» **TO DO**: An exact copy is required of every line from the one with "Meg Coffey tweet media" through the end of the data below, and the pictures must stay out of it.
Start of MATERIAL TO PROCESS
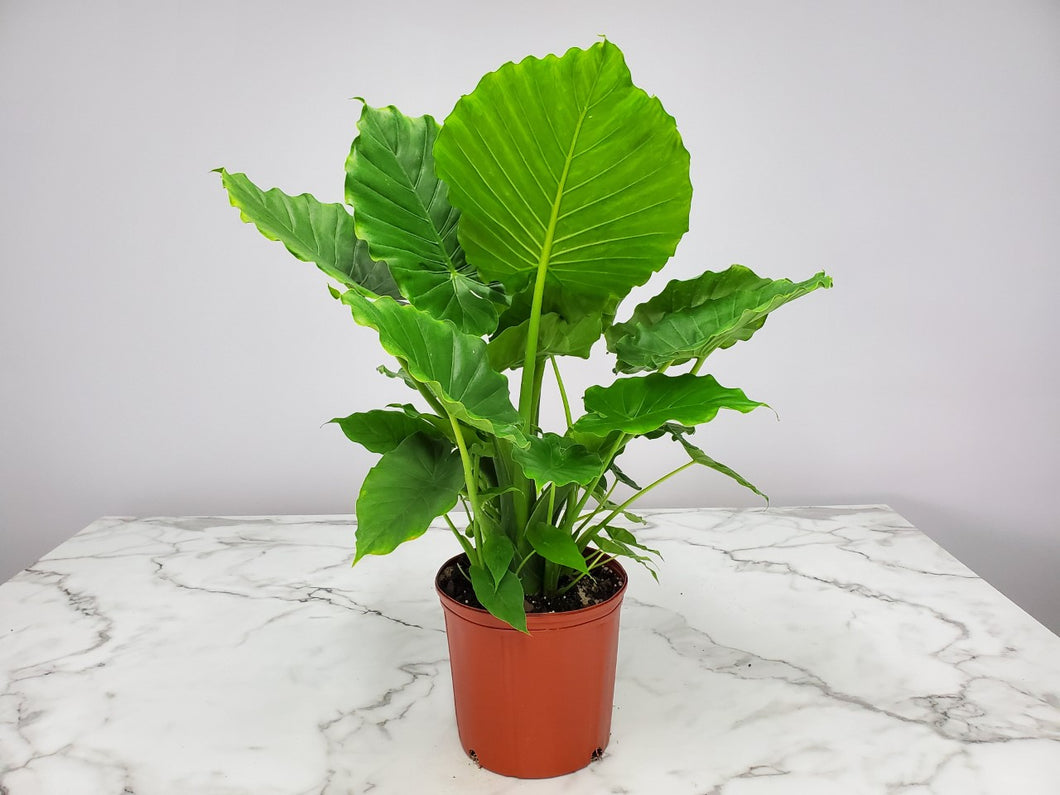 Alocasia California 3G/10
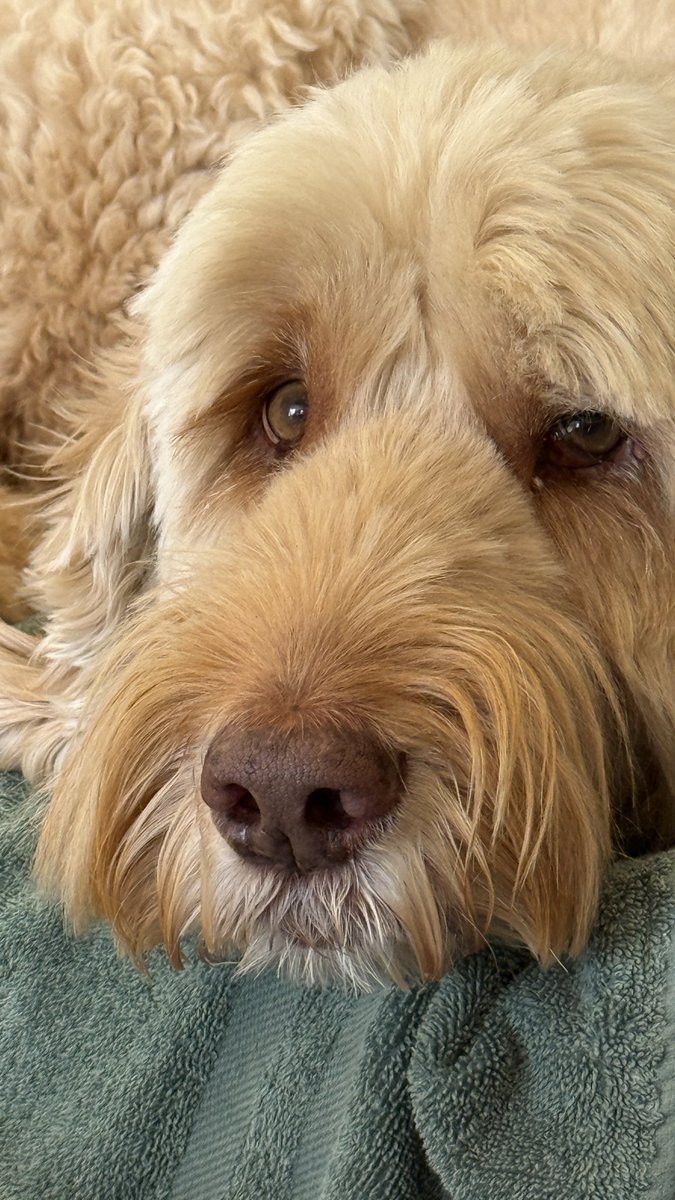 Meg Coffey tweet media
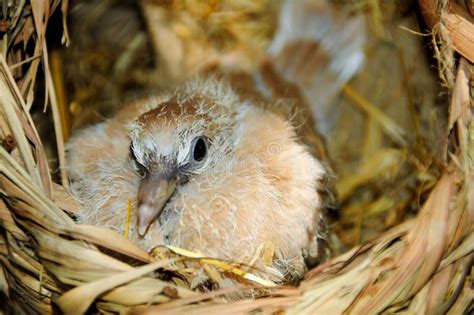 Pulcino di tortora che becca da una ciotola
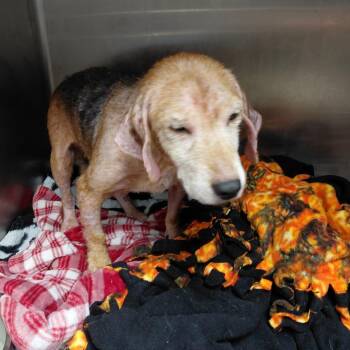 Harriet -  Beagle Dog for Adoption in Henderson, Kentucky - Harriet | PetCurious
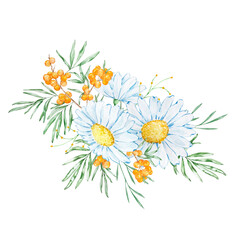 Bouquet of watercolor chamomile and sea buckthorn branches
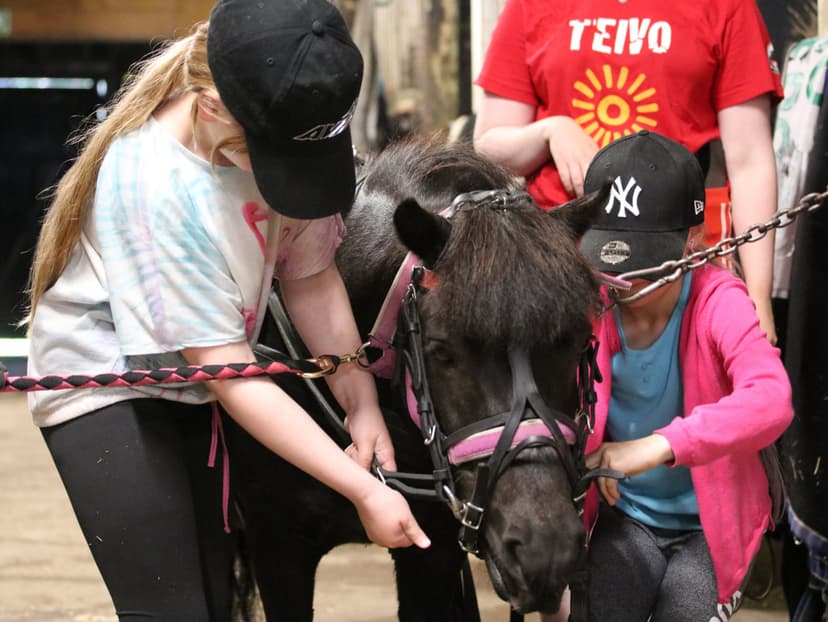 Lasten ponielämysajo | Tampere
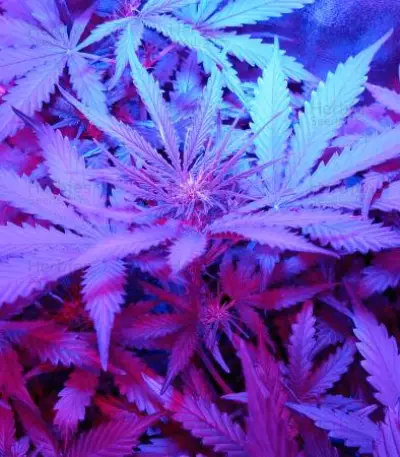 Critical Jack Herer Auto Seeds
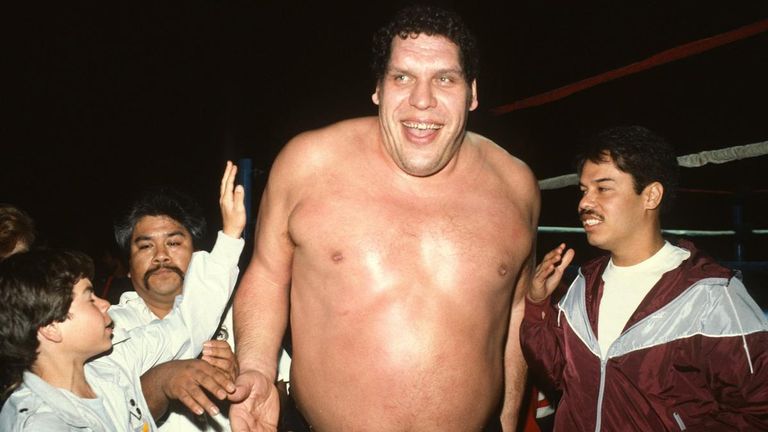 Andre The Giant was hugely popular around the world and was one of the highest-paid wrestlers of all time (picture: WWE.com)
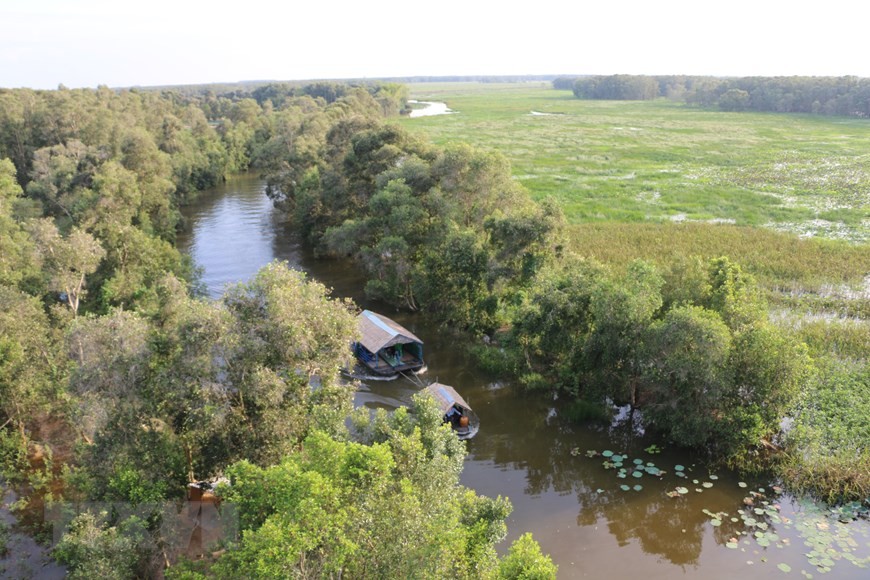 Wetlands conservation important as nearly 40 percent of Vietnam’s landmass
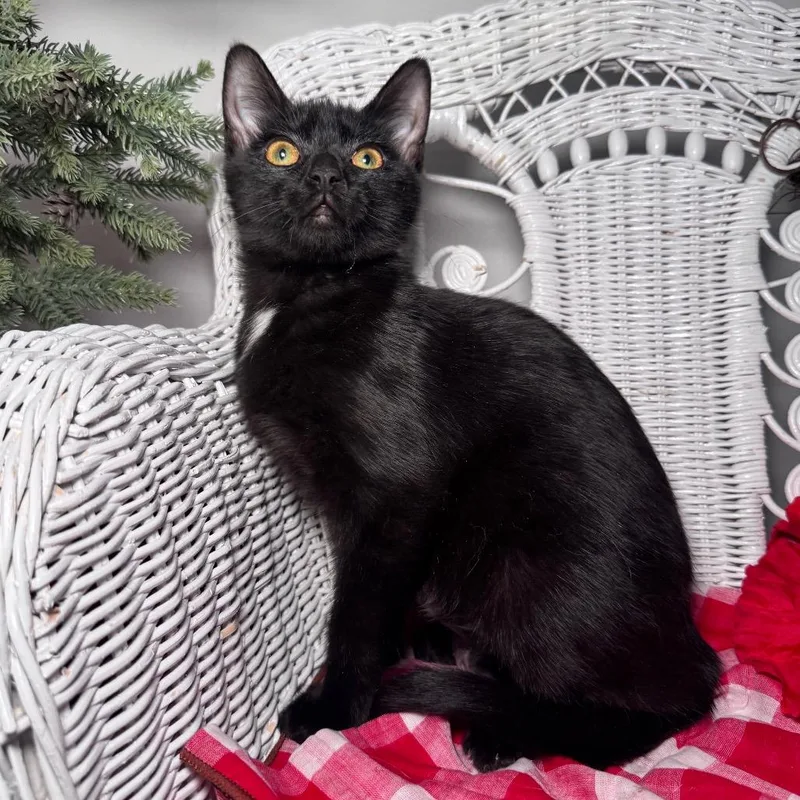 Mcdahlia thumbnail 5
End of MATERIAL TO PROCESS
» **SOLVED PROBLEM**:
 Meg Coffey tweet media
 Pulcino di tortora che becca da una ciotola
 Harriet -  Beagle Dog for Adoption in Henderson, Kentucky - Harriet | PetCurious
 Bouquet of watercolor chamomile and sea buckthorn branches
 Lasten ponielämysajo | Tampere
 Critical Jack Herer Auto Seeds
 Andre The Giant was hugely popular around the world and was one of the highest-paid wrestlers of all time (picture: WWE.com)
 Wetlands conservation important as nearly 40 percent of Vietnam’s landmass
 Mcdahlia thumbnail 5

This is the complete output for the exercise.